• MATERIAL FOR THE TASK:
################

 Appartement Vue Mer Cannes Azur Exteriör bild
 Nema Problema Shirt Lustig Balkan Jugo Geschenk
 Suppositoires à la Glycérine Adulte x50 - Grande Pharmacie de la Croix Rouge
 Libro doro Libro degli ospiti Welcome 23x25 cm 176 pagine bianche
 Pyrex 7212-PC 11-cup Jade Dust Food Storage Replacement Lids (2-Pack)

################

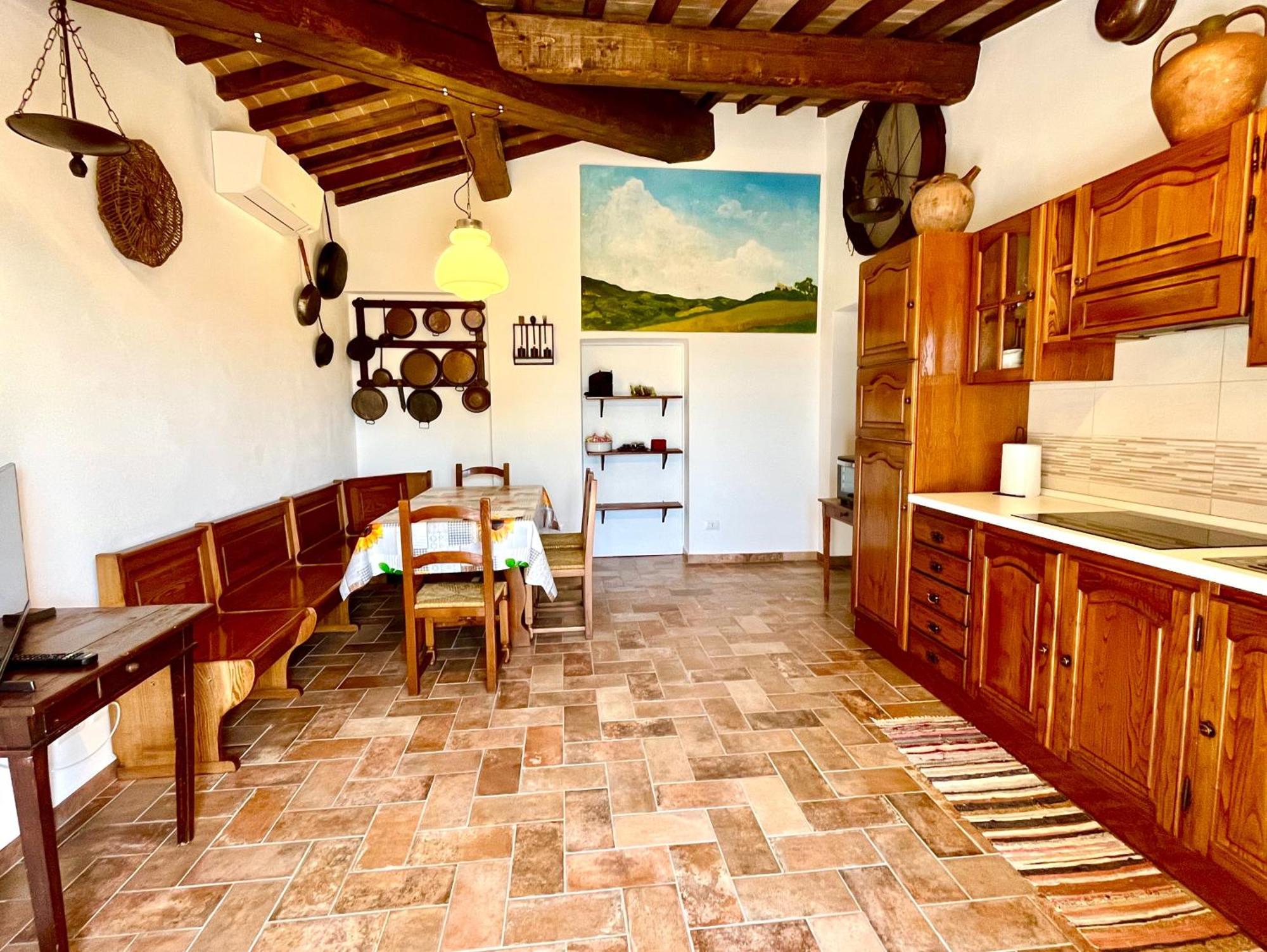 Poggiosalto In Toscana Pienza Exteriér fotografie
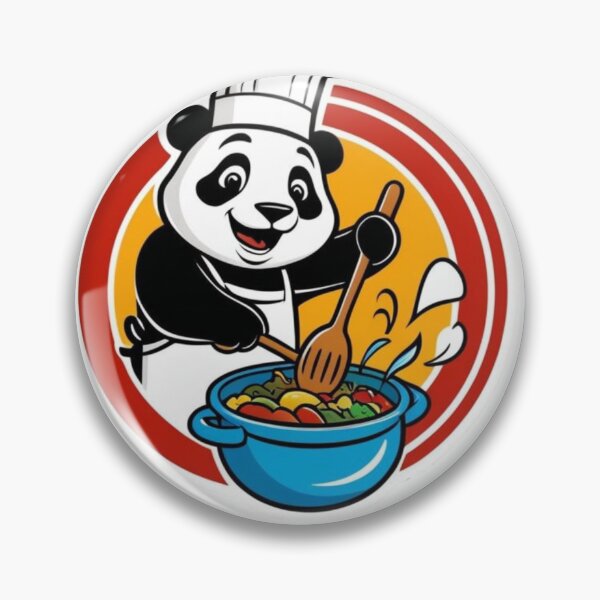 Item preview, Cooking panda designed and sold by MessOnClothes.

################

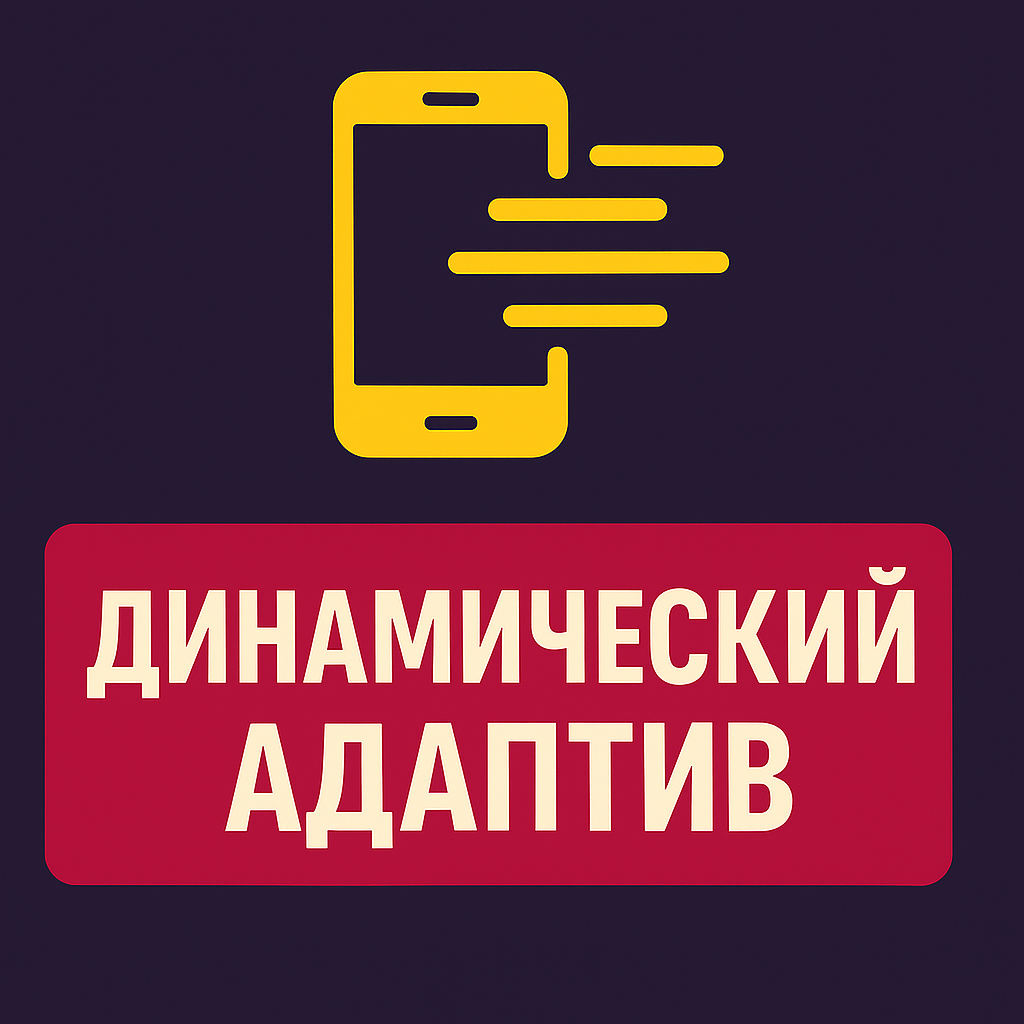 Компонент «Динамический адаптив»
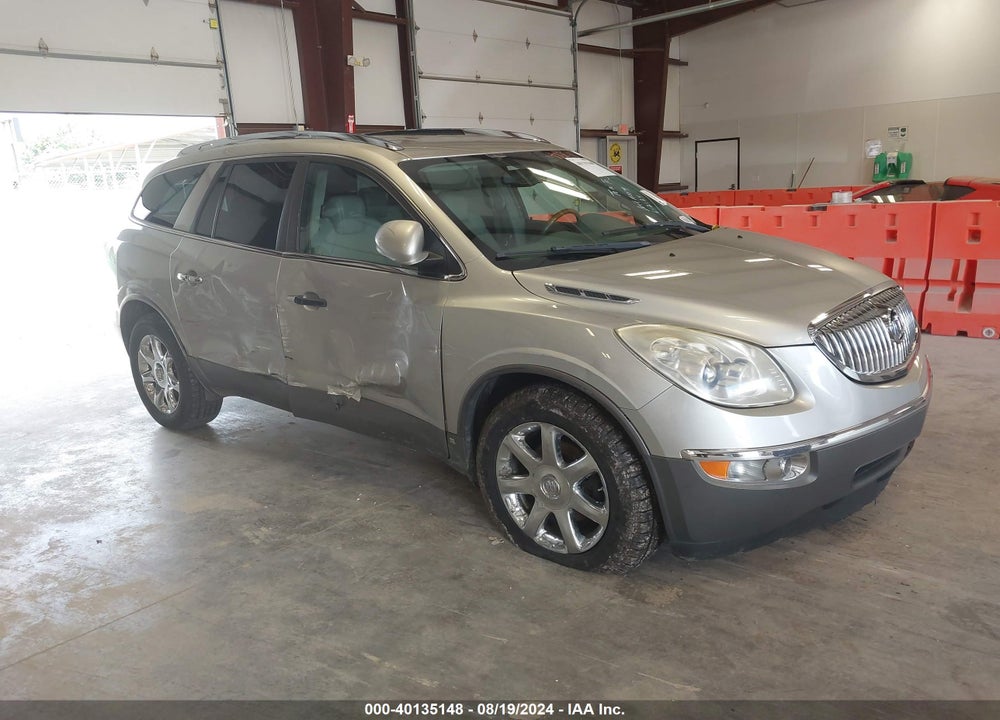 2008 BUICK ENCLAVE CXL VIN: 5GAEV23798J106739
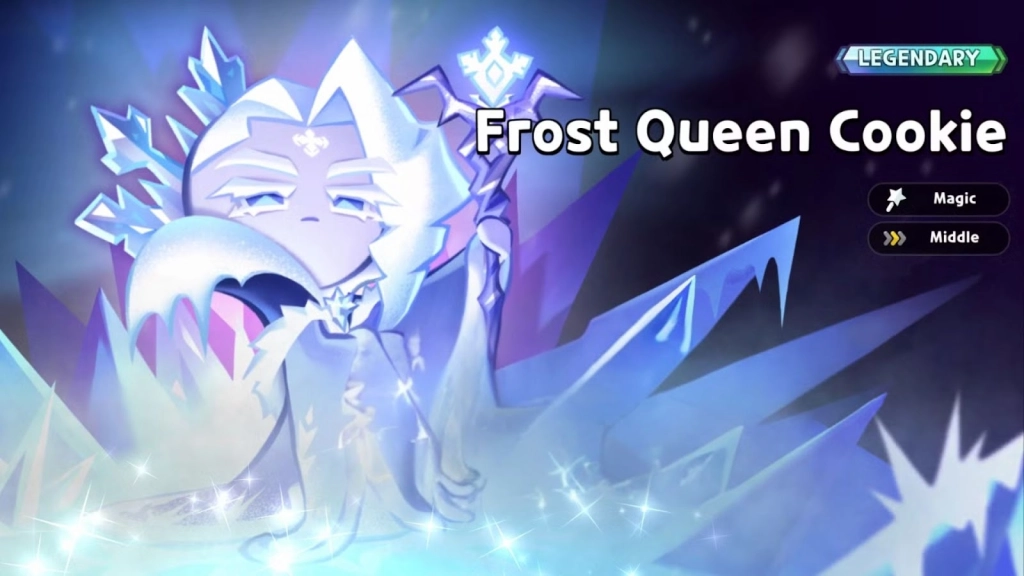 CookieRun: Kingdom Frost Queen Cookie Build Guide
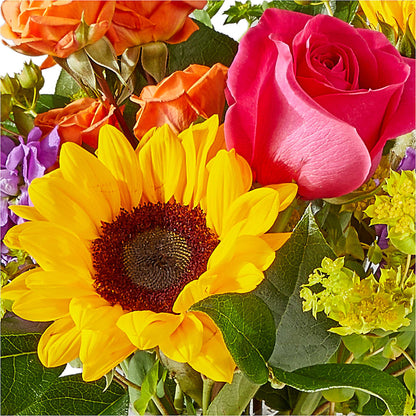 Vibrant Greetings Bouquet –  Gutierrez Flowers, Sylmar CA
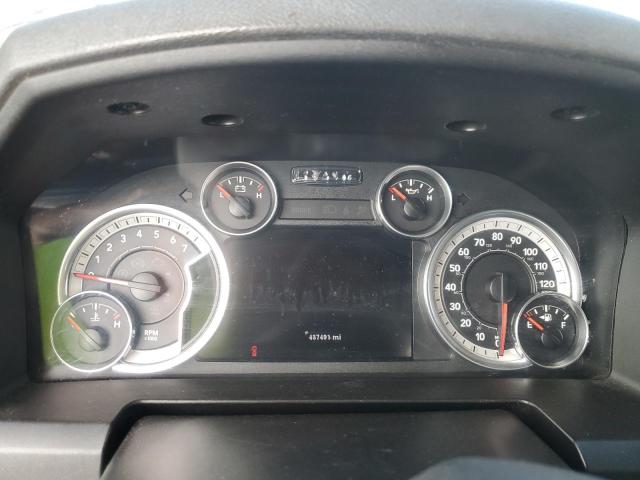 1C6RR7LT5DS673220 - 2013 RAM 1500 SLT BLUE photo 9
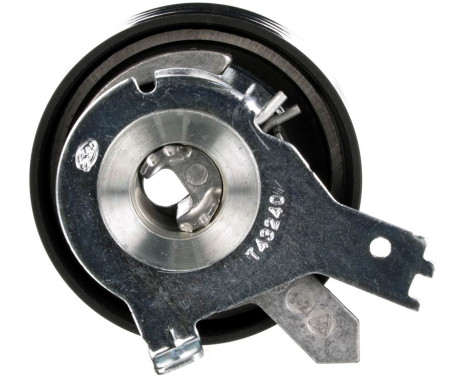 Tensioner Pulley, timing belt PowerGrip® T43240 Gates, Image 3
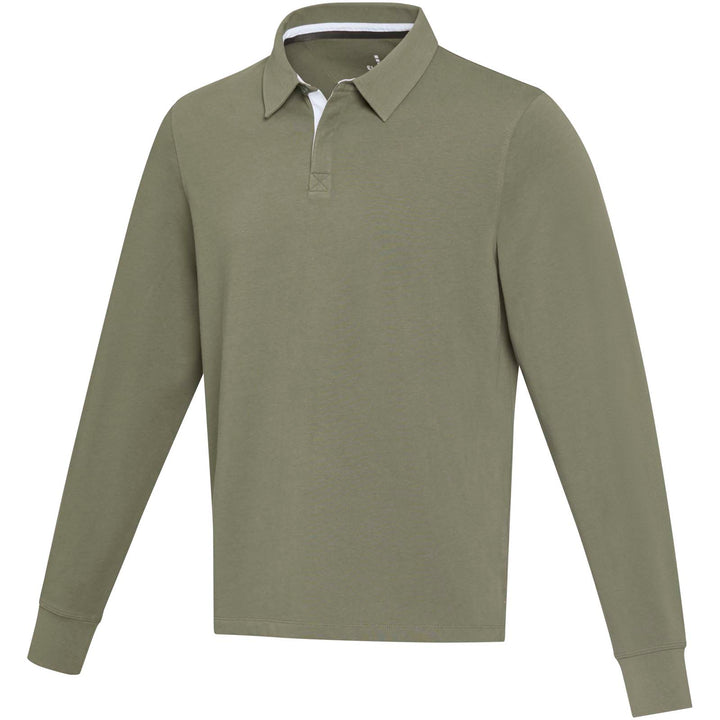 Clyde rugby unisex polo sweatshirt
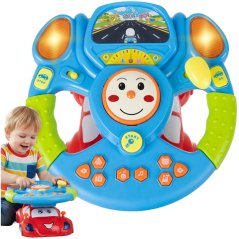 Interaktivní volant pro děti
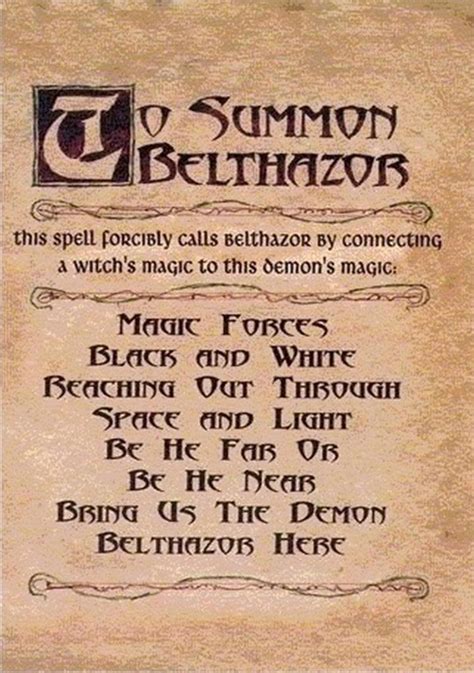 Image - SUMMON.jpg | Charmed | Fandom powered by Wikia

################

• ABOUT THIS TASK:
Every line from the one with "Clyde rugby unisex polo sweatshirt" through the one with "Image - SUMMON.jpg" is to be reproduced exactly as written above, and the pictures are to be dropped.

• WRITTEN RESPONSE:
 Clyde rugby unisex polo sweatshirt
 Interaktivní volant pro děti
 Image - SUMMON.jpg | Charmed | Fandom powered by Wikia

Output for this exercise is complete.